Temple Bright advises managing agent Remus on “challenging” fire safety remediation project


Bristol and London law firm Temple Bright is advising national property managing agent Remus Management on fire safety remediation work at a development in Essex that involves removing and replacing its cladding.

Temple Bright construction partner Julia Davenport-Cooper leads the advice to Remus.

In 2022 Julia advised the owners of the Union Wharf development of 107 flats in Hoxton, East London, on a project to remove unsafe, non-ACM (aluminium composite material) cladding systems.

The project was one of the first to receive funding under the government’s Building Safety Fund, established after the 2017 Grenfell tragedy.

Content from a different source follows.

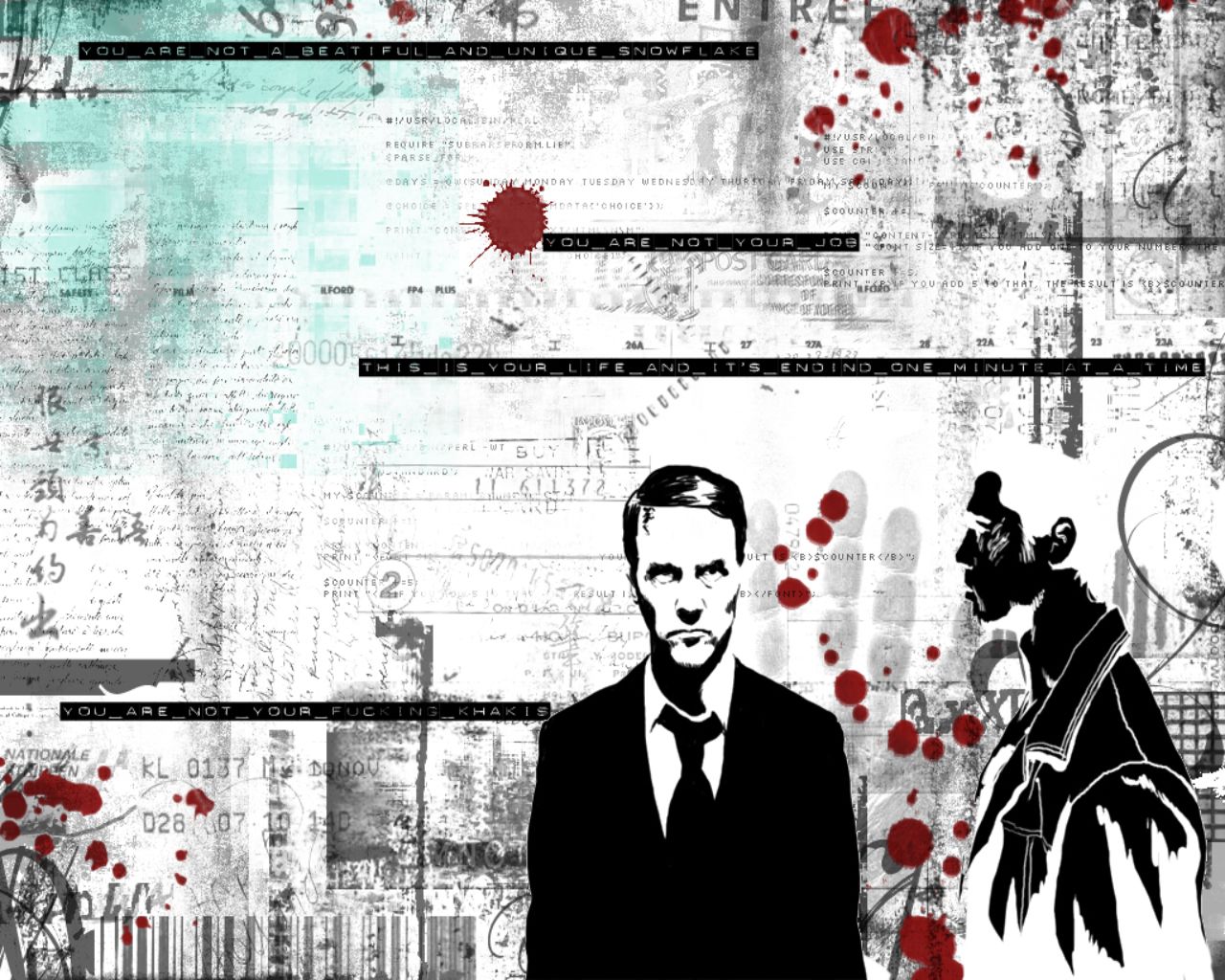 Fight Club, Der Erzähler, Grunge, Blutspritzer, Collage, HD, Laptop-Hintergrundbild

The Remus remediation project, which is described as “challenging”, relates to The Waterfront in Chelmsford, a property valued at more than £18m.

The work is being financed under a further government scheme – the Developer’s Pledge, introduced by Michael Gove’s DLUHC (Department for Levelling Up, Housing and Communities).

This pledge, introduced in last year, established protection for leaseholders as to the costs of remediation, with developers signing a pledge (and contracts) committing to remediate life critical fire safety works in buildings over 11m tall that they have played a role in developing or refurbishing over the past 30 years.

The Chelmsford project developer Taylor Wimpey has implemented a two-phase contractual structure with Remus.

Under the first phase, it puts Remus in funds to develop the design and specification of remediation works, enabling the block to comply with new fire safety regulations.

Under the second, the developer provides funding for the works, which are now underway with a target completion date of mid-August.

The project is one of several on which Julia and Temple Bright are advising. Others include the Plaza 21 development in Swindon, a further Developer’s Pledge project for which the works contract has just been signed, and a series of Cladding Safety Scheme projects – the new name for what used to be called the mid-rise regime for buildings of 11-18 metres in height.

Temple Bright has three such projects either pending or proceeding.

Remus head of legal Rob Chapman said: “This has been a challenging project, given all parties have been working in uncharted territory in terms of the new fire safety legislation.

“We’ve nevertheless been able to work with Taylor Wimpey to agree the funding and delivery of a project that will ensure that the Waterfront fully complies with the latest fire safety legislation, and at no cost to the residents.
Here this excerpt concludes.